A lesson learned while drinking wine in the Arizona desert

There’s no better place to drink wine than at a winery, the place that brought it to life. Cellars are better than the tasting rooms, if you ask me, and vineyards are best of all, when the weather is good.

Part of why wine is best at a winery is because it hasn’t traveled, hasn’t been exposed to heat or cold, hasn’t been jostled or hit by light. It’s just been sitting there, in the equivalent of a wine nursery, waiting for you to pick it up and adore it. (The other part is that you’re probably on vacation; everything will taste better in the spot you’ve chosen for your time away from the hustle and scrape of your life.)

With the proper care and attention, wine can also travel well, and it usually does just fine away from the safety and comfort of the nursery. Still, I prefer to consume local wine when I’m on the road, or as close to local as I can.

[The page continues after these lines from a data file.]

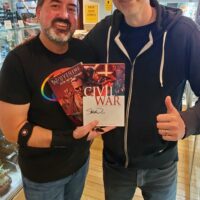 Modern comic art legend Steve McNiven stopped in during a visit to Seattle, June 2023
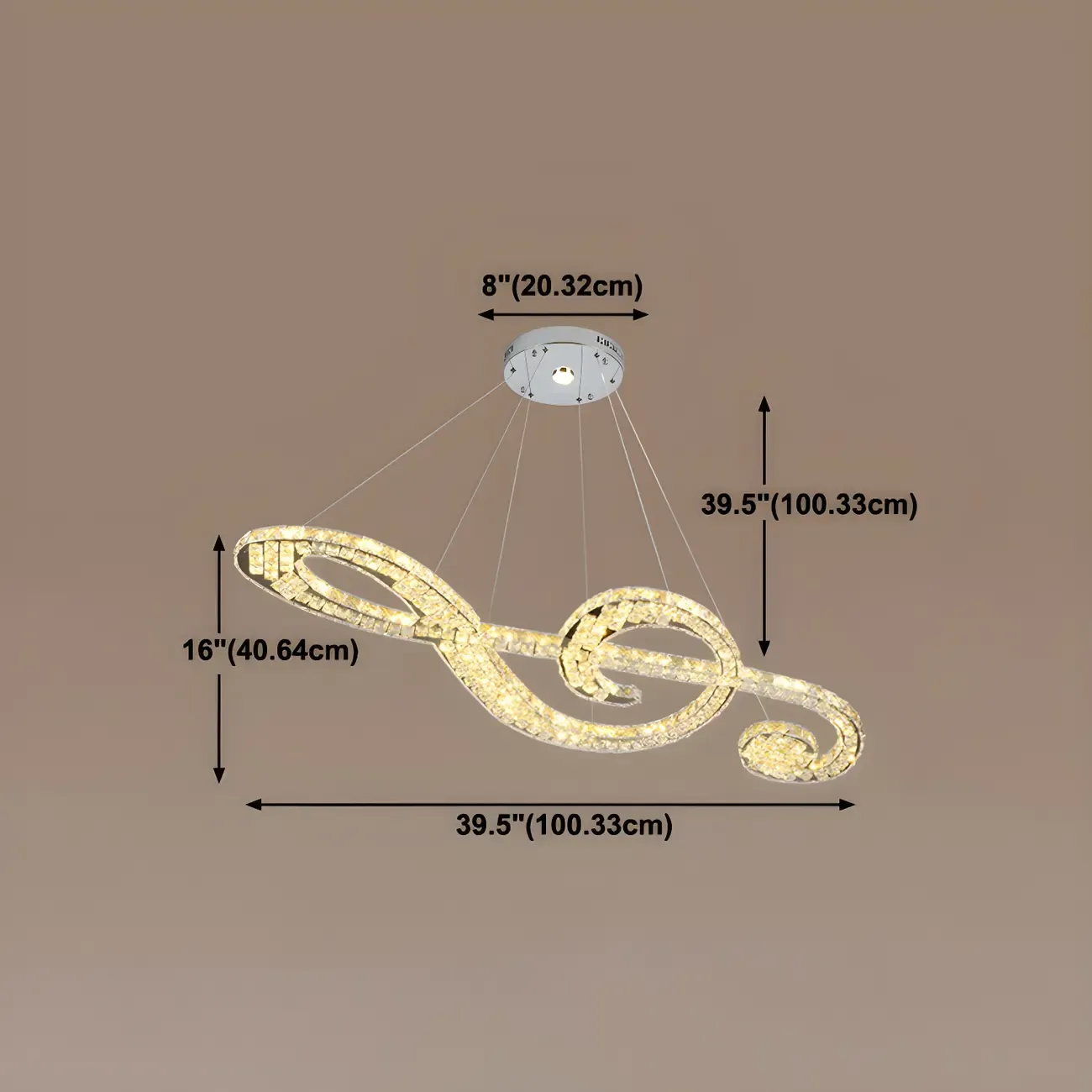 Artistic Modern Crystal 2-Light Island Pendant Light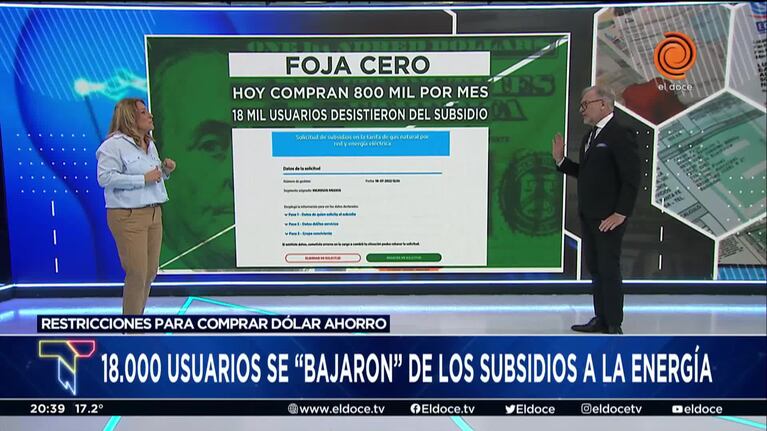 Quienes mantengan los subsidios no podrán comprar dólar ahorro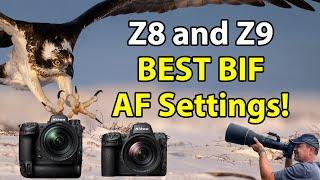 Nikon Z8 & Z9: BEST Bird-In-Flight Autofocus Settings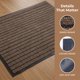 thumbnail image 2 of REGALWOVEN Felpudo Exterior Impermeable para Puerta Principal, Alfombra de Bienvenida Antideslizante con Estrías para Patio Garaje Marrón 35" x 24", 2 of 6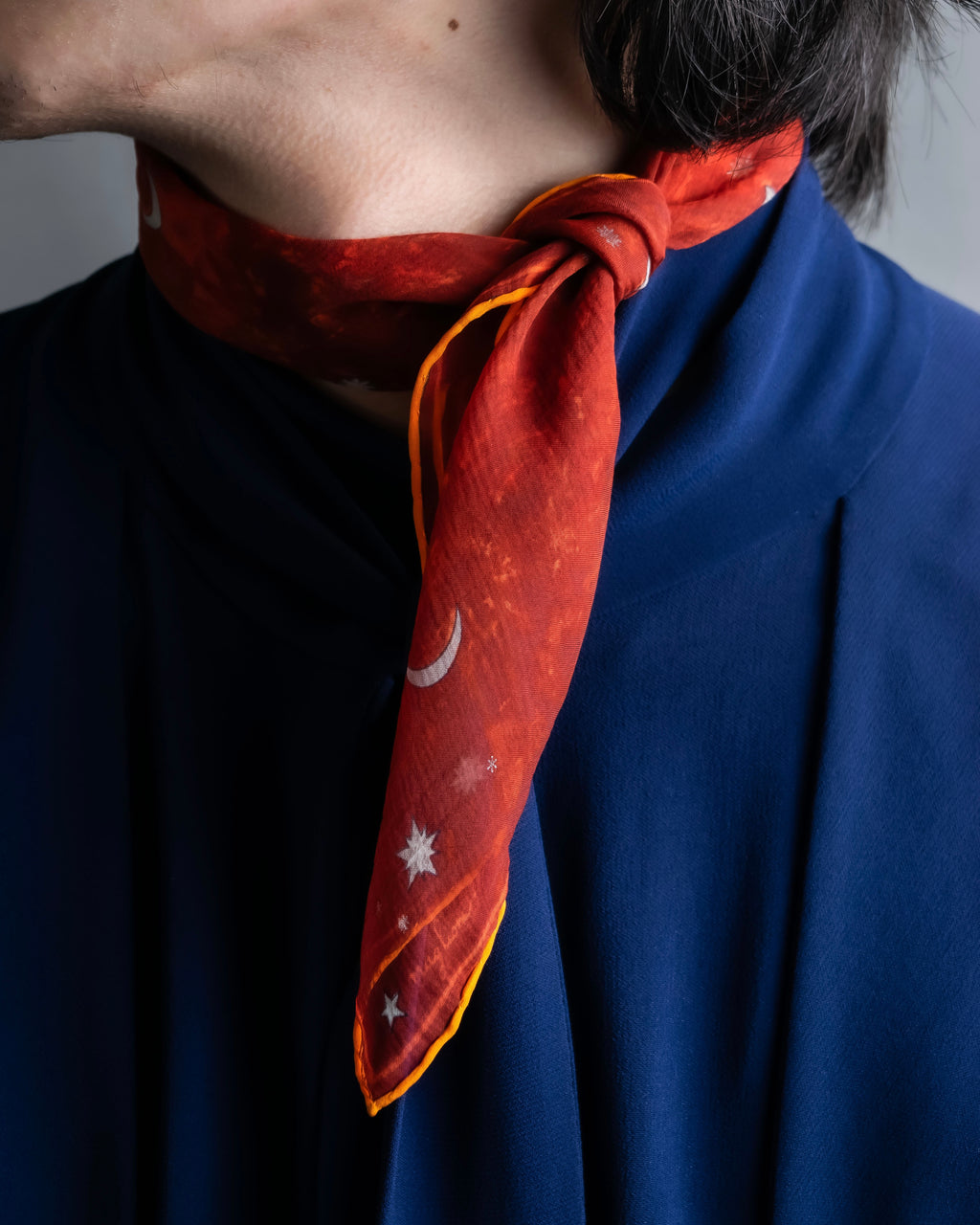 "HERMES" Celestial motif petit carre scarf
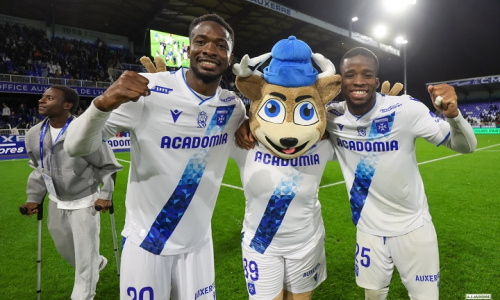 Ligue 1 : Sinaly Diomandé et Hamed Traorè Junior décisifs avec Auxerre face à Brest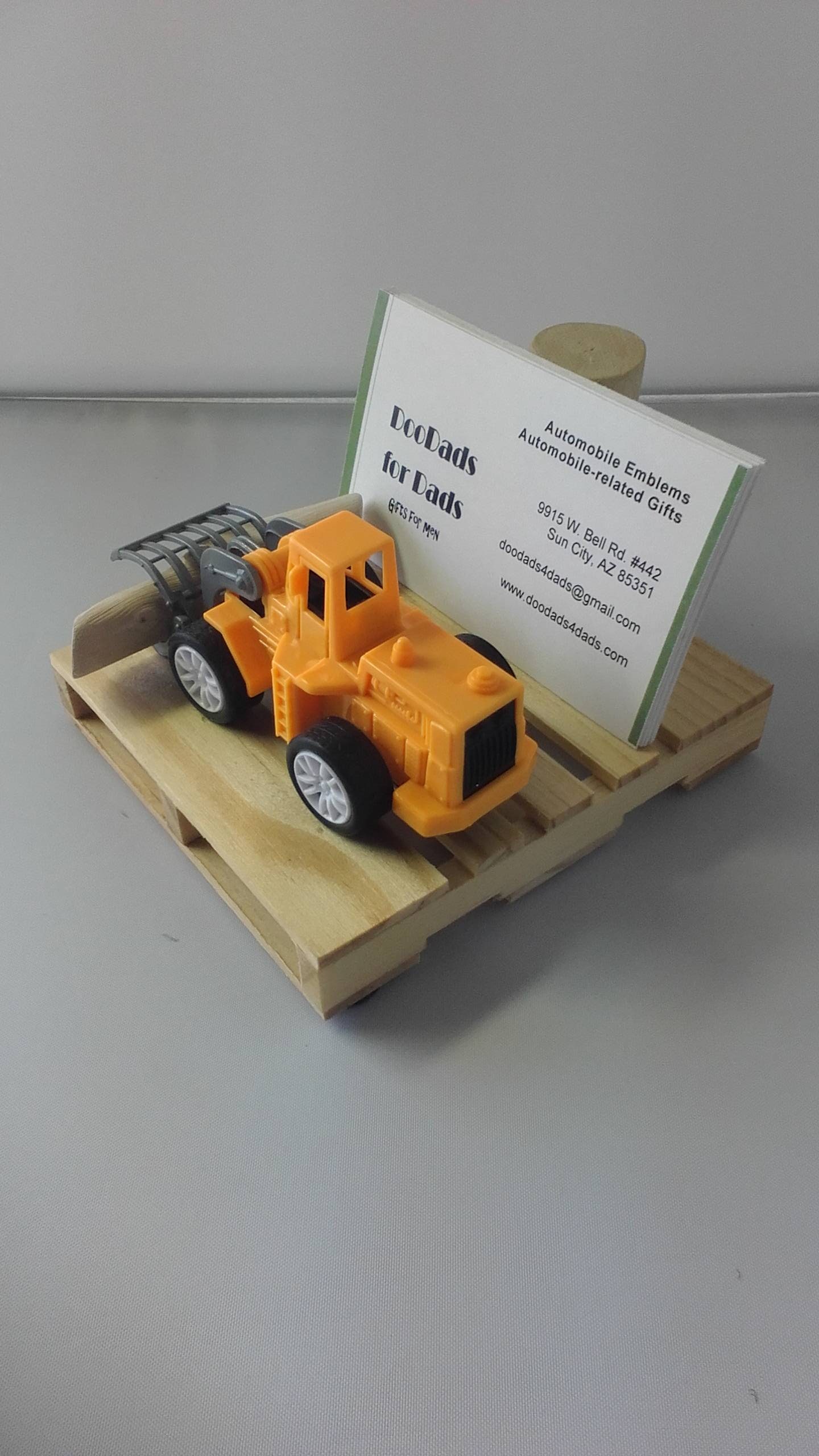 Construction Front Loader Wood Pallet Business Card Holder Etsy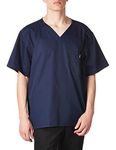 Carhartt Men's Ripstop Men's Utility Scrub Top, Navy, Large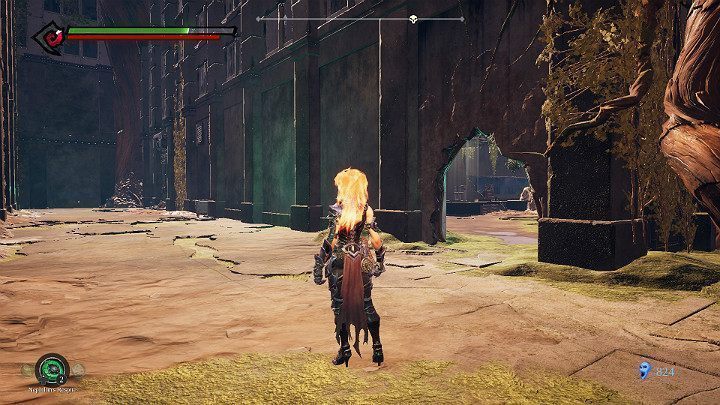 Wyjdź z jaskini i przejdź przez wyrwę w ścianie budynku - Schronienie cz.2 | Solucja do gry Darksiders 3 - Darksiders 3 - poradnik do gry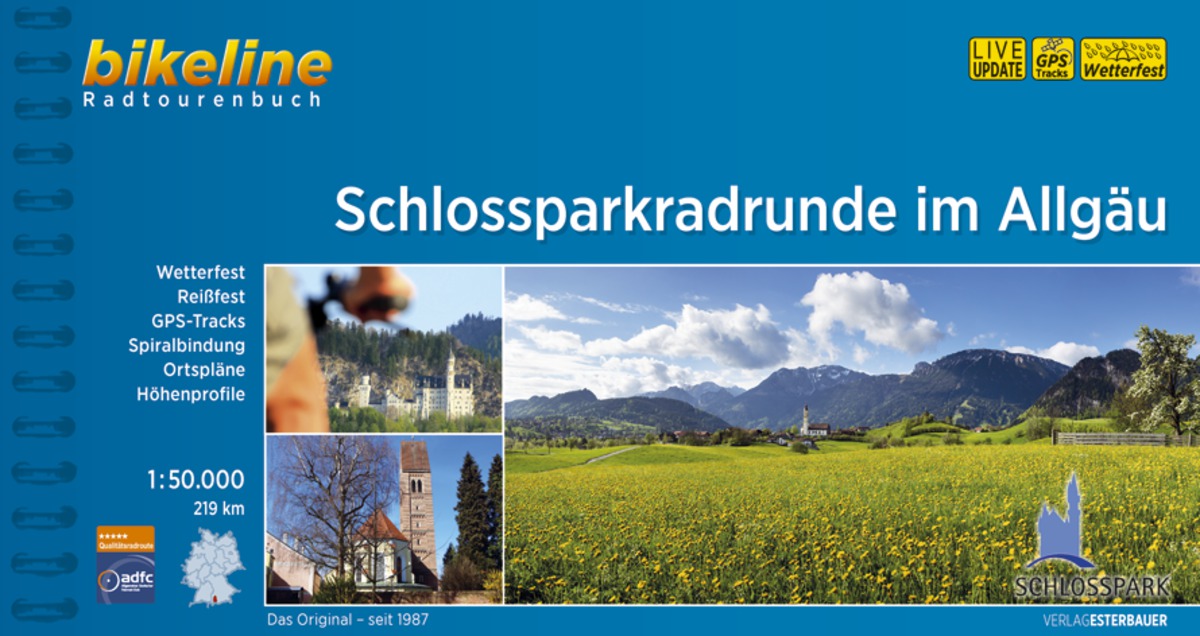 Online bestellen: Fietsgids Bikeline Schlossparkradrunde im Allgäu | Esterbauer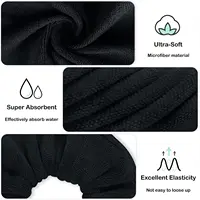 Ultra Soft Microfiber Hair Drying Scrunchies for Frizz Free, Heatless Hair Drying,  Large Thick Ponytail Holder,4 Pack 2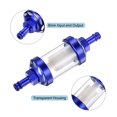 thumbnail image 3 of Unique Bargains Inline Petrol Fuel Gasoline Oil Filter with Brass Filter Element, Blue, 2 Pack, 3 of 4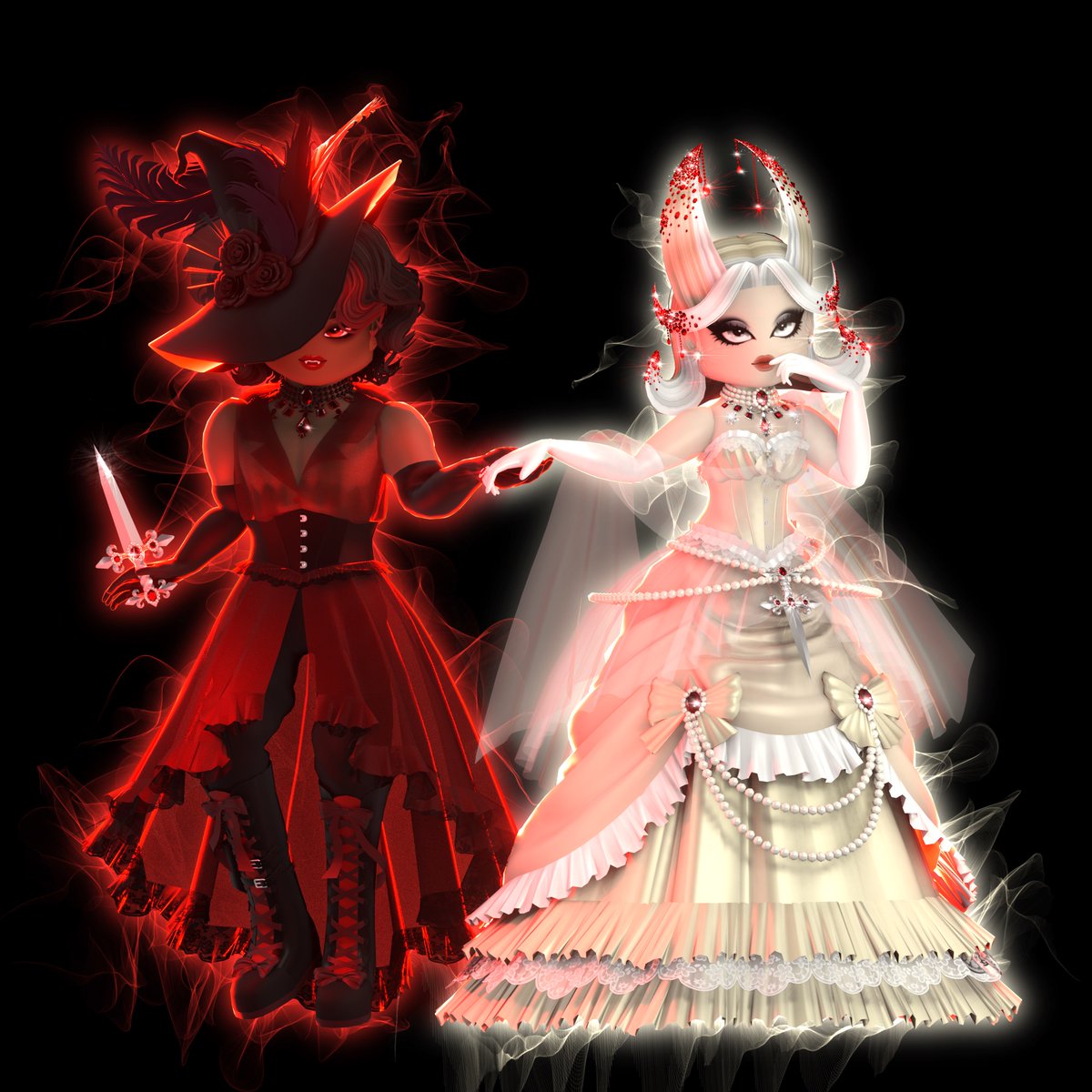 🔮~ Whimsy Witch Set ~🔮

Please stop leaking my inventory💕

Heres a newer render I did this year 🕯
#RoyaleHigh  #RobloxDev #Roblox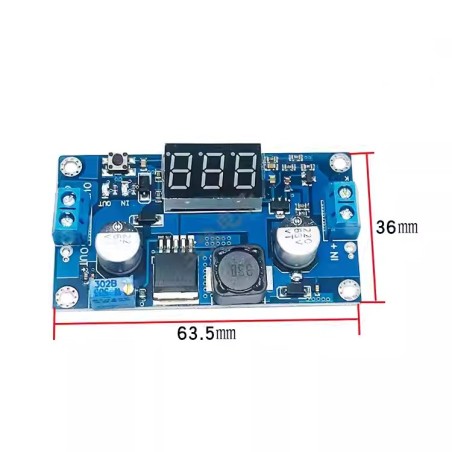 ماژول افزاینده DC به DC متغیر 4 آمپر XL6009 با نمایشگر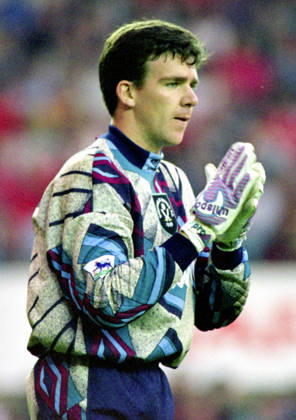 930818 Football, Premier League 1993-1994, Manchester United, ManU - Sheffield United: Sheffield United goalkeeper Alan Kelly. Photo: BILDBYRAN D165_01 D165_01 scanx football fotboll soccer Premier League Manchester United Sheffield United england season 1993-1994 1993-94 1993 94 1993 august 18 bbeng dia Copyright: BILDBYRAN BB930818BB055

This is easy to do in most of Europe because everything over there is packed in tight. If you’re in the good ol’ USA, though, and there are no wineries close by, at least try to find some wine that was made in the state. People grew grapes there, and turned them into wine. This is what they’re doing with their lives in the place you are enjoying at your leisure. My guess is that in more than half of the states, you’re not going to be blown away by the local wine. You might not even be satisfied by it. But the other almost-half? There’s a chance you might make a nice discovery — a good or at least decent wine from an unexpected locale.

Earlier this year, some of the men in my family met in Arizona to commune in the desert, burn things, share philosophies, do the one-arm hug and generally bro-down. There was grilling, too. I thought we could use some wine. So at the edge of town, before we ventured out into endless sand, my brother and I collected rations at a supermarket. I had trouble finding any Arizona wines, so I flagged down a store employee who spent the next 30 minutes with me, walking up and down the wine aisles looking for Arizona bottles, calling people on his cellphone for help — even leading me to another part of the store, where he was sure there had been an Arizona food products display.

The display was gone, but a maintenance man joined our search party. While my brother went off to hunt down more meat, the three of us walked the aisles and looked, bottle by bottle, for any wine with the word Arizona on it. The maintenance man did label research on his phone. I urged the first man, who was holding a bag of food the entire time, to please go take his break. But he insisted on continuing to help. It was then that I noticed he was the store manager. One at a time, in different spots, the maintenance man found three 2015 Arizona blends: a red and a white from Provisioner, and a red from Arizona Stronghold. We bought all three.

At the burn site, the men of the clan were intrigued by the Arizona wines, and as we drank from plastic cups, I looked out over the desert and its uncharacteristic greenness. Flying in a day earlier, I had been struck by the landscape below. The brown and orange mountains of Arizona looked like they were on their way to becoming the green hills of Vermont. It was like nothing I had ever seen in that part of the country — a pleasant surprise due to unseasonal rains.

It was strange and cool, a clear example of the overwhelming power and unstoppable-ness of nature. Another strange and pleasant surprise was drinking good wine from Arizona. We could have given up the supermarket search and just bought wine from California or Italy. It would have been fine, and the male fellowship would have been no less rewarding. But for me, and possibly some of the others, sipping the Arizona wines created a 1+1=3 scenario.

It was like saying thank you to the place that was hosting us. It was honoring the people who spent so much effort making the wine, and the shopkeepers who spent so much time helping two random customers find it. Making those wines a part of our night gave us a taste of what the earth had to offer in that part of the world.

The desert was in full bloom all around us. As dusk faded, and the temperature and darkness fell, a little here and a little there, some of the men of the clan sampled the Arizona wine and gently shook their heads without saying much, or sometimes saying nothing at all.

Maybe they tasted the wines and said things to themselves. Doesn’t matter. I didn’t need to hear any of it. Those wines, born of that place, consumed in that place, were exactly right. Drink at the winery if you can, but if you can’t, get as close to the source as possible. Surrender to the place you’re in. Enjoy what it has to offer, and be grateful. It will feel right, it will feel good.